Political Marketing and Political Communication

[Pages:14]Political Marketing and Political Communication:

the relationship revisited

Ioannis Kolovos and Phil harris

Political Marketing: a definition

Harrop (1990) perceives political marketing as being not just about political advertising, party political broadcasts and electoral speeches but covering the whole area of party positioning in the electoral market. Kavanagh (1995, 1996) sees political marketing as electioneering, i.e. as a set of strategies and tools to trace and study public opinion before and during an election campaign, to develop campaign communications and to assess their impact. A similar view is expressed by Scammell (1995).

Maarek (1995) conceptualises political marketing as "a complex process, the outcome of a more global effort implicating all the factors of the politician's political communication" (p. 2) and emphasises that "`political marketing' is the general method of `political communication', one of its means" (p.28). He considers the introduction of marketing in politics as an outcome of "the elaboration of a policy of political communication...a global strategy of design, rationalisation and conveyance of modern political communication" (p. 2).

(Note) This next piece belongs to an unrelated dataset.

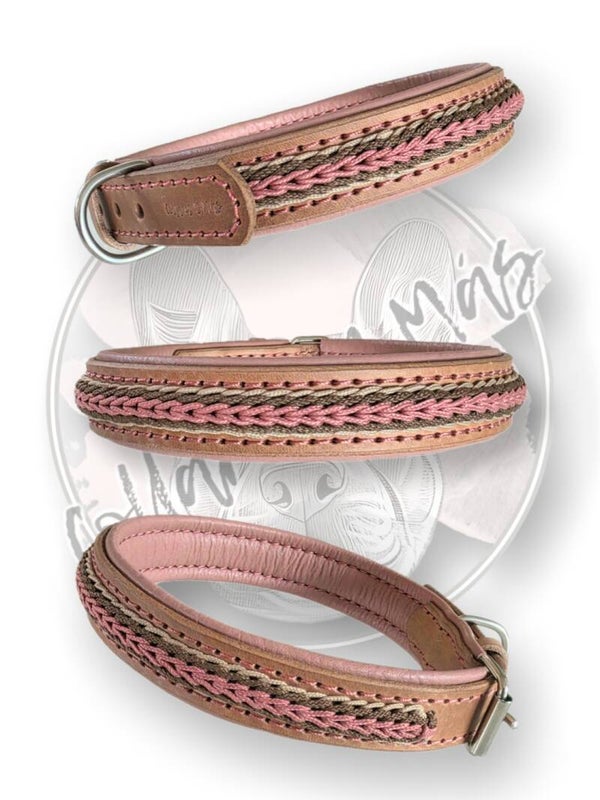 Smoothly - Premium Adjustable Saddle Leather Dog Collar - Sandstone  - 20mm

As a visual aid for his use of terminology, Maarek (1995), provides figure 1 (p. 28):

Consumer Products

Political Communications

Marketing

Political Marketing

Advertising, Market surveys etc

Political advertising, public opinion polls, etc

Figure 1. Commercial and political marketing: two parallel strategies (adapted from Maarek).

2

One terminological inconsistency should be noted though. In the aforementioned figure, Maarek appears to equate a company's consumer products with a political party's political communications. Such a parallel cannot be drawn, as a party's "product" consists not of its political communications but of: a) its ideological platform and its set of policy proposals, b) the party leader, the candidates and party officials and c) party members in general (for a more detailed analysis see Butler and Collins, 1994 and 1999).

In Maarek's view, political marketing has become an integral and vital component of political communication. In his words: "Political communication...encompasses the entire marketing process, from preliminary market study to testing and targeting" (p. 28). It should be noted that Maarek admits that the main areas of application of political marketing are image-making campaigns and election campaigns.

Lock and Harris (1996) point out that "political marketing is concerned with communicating with party members, media and prospective sources of funding as well as the electorate" (p. 21) while Wring (1997) defines political marketing as "the party or candidate's use of opinion research and environmental analysis to produce and promote a competitive offering which will help realise organisational aims and satisfy groups of electors in exchange for their votes" (p. 653).

O' Cass (1996) argues that the use of marketing "offers political parties the ability to address diverse voter concerns and needs through marketing analyses, planning, implementation and control of political and electoral campaigns" (p. 48). Taking this one step forward he argues that "the central purpose of political marketing is to enable political parties and voters to make the most appropriate and satisfactory decisions" (p. 59-60).

O' Cass (1996) uses an exchange model to define political marketing. According to him, when voters cast their votes, a transaction takes place. In return for their votes, the party/candidate offers better government and policies after election. This way, O' Cass argues, marketing can be applied to political processes as it is specifically interested in how these transactions are created, stimulated and valued. Lock and Harris (1996), commenting on the exchange model, argue that it has "a great deal to offer as a working definition of political marketing" (p. 28). They note though that, as it is, the exchange definition of political marketing is

3

broad enough to include "everything that is conventionally regarded as political science" (p. 28).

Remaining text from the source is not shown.